California, the state with the biggest population and the third-largest U.S. oil producer, doesn’t tax energy production.
In Oklahoma, the sixth-largest U.S. producer, current fiscal-year revenue from energy-extraction taxes was up 12 percent through February compared with a year earlier.
Alaska, the second-largest U.S. oil producer, gets about 87 percent of its general-fund revenue from energy-extraction taxes. The Revenue Department projected receipts to reach about $4.7 billion this year on Nov. 26, basing the estimate on an average oil price of about $78 a barrel.
Since then, a rebellion in Libya, with the world’s ninth-largest crude reserves, sent Alaska North Slope oil spot prices up 43 percent to a high of $118.05 a barrel March 7. It averaged $92.56 in January, the highest level since February 2008.
North Dakota, the fourth-largest producer, will get $181,000 in additional daily revenue from each $5 increase in the price of oil, based on January’s output levels, said Cory Fong, the state’s tax commissioner.
“It’s not all good news because our agriculture producers have to pay higher prices for fuel and fertilizer,” Fong said. “It’s good news for state revenue but bad news for most of the people in the state.”
While the gains will help ease financial pressures on energy producers, it won’t cure underlying fiscal ills, oil-state officials and economists said. A sustained period of relatively high crude prices also may cut consumer spending and employment, offsetting gains from taxes on energy production.

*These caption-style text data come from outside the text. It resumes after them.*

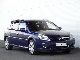 Opel  Signum 1.9 CDTI 16v Cosmo Aut. / Export: 4.800Eur 2007 Used vehicle photo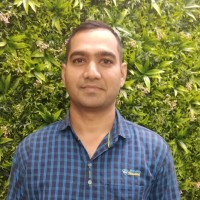 Amit Adhikari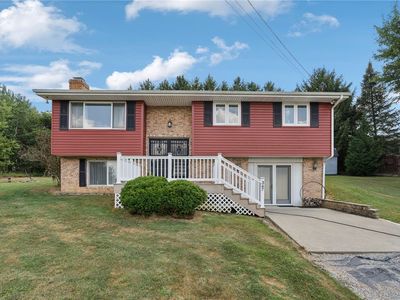 367 Brewer Rd, Rochester, PA, 15074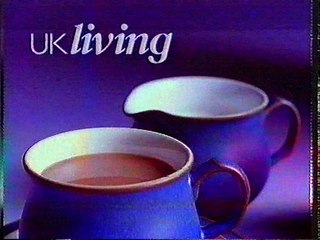 Brookside - 7th June 1983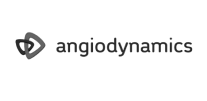 AngioDynamics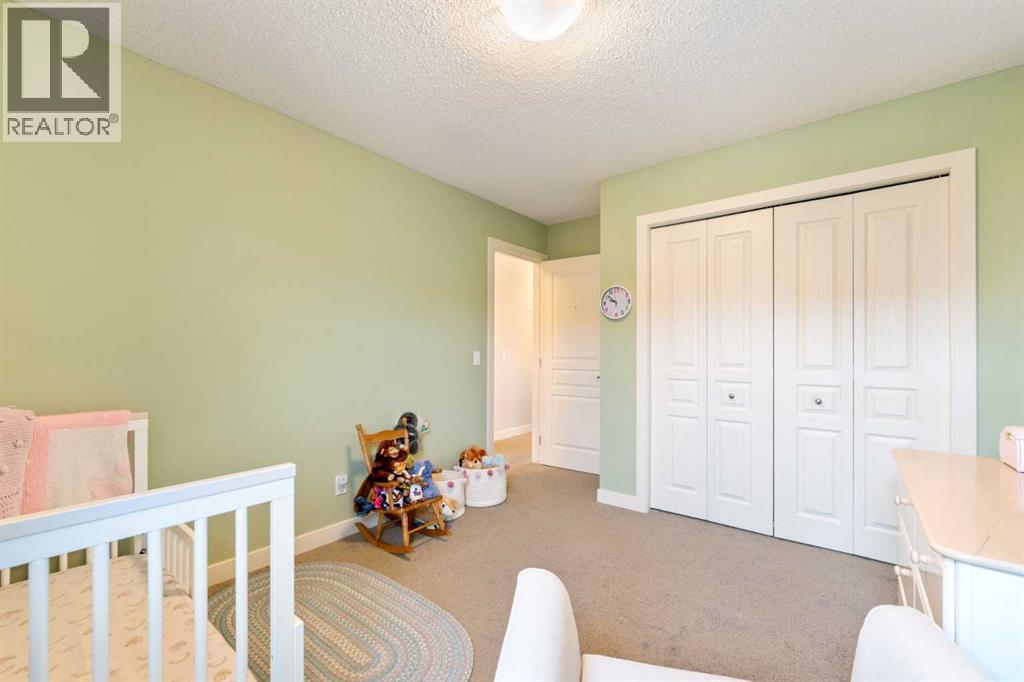 150 Auburn Springs Boulevard Se, Calgary, Alberta  T3M 2C2 - Photo 31 - A2295946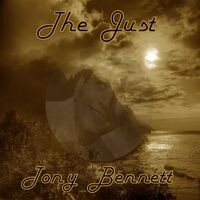 The Just Tony Bennett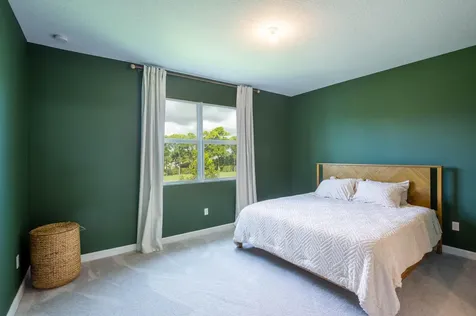 5331 Flannigan Way Lake Worth FL 33463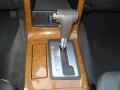 2006 Pathfinder LE #23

“We don’t celebrate when gasoline prices are $4 and $5 a gallon,” said Alaska Governor Sean Parnell, a Republican, in an interview last month in Washington.
Oil at more than $100 a barrel for a sustained period will push up fuel costs to the point where consumers will cut back spending and that may erode U.S. gross domestic product, researchers at IHS Global Insight said in a Feb. 24 report.
A 30 percent increase in the price of gasoline to $3.60 a gallon may trigger reduced consumption, Natalie Cohen, a Wells Fargo Securities analyst in New York, said yesterday by e-mail.
“A reduction in vehicle miles driven could have consequences for gas-tax bonds and toll roads and put additional strain on municipal budgets that use the gas tax for road construction and repair,” Cohen said.
A rise in North Sea Brent crude of $15 a barrel for a year may cut U.S. GDP growth by 0.3 percentage point, Lexington, Massachusetts-based IHS said. Brent futures closed at $113.06 yesterday in London, after averaging about $84 in 2010.
“With the current prices, we would be looking at a surplus and good cash flows,” said Jerry Burnett, an Alaska Revenue Department deputy commissioner. “It’s definitely good for our budget, but it’s not good for our citizens. We are concerned about people having to pay more at the pump.”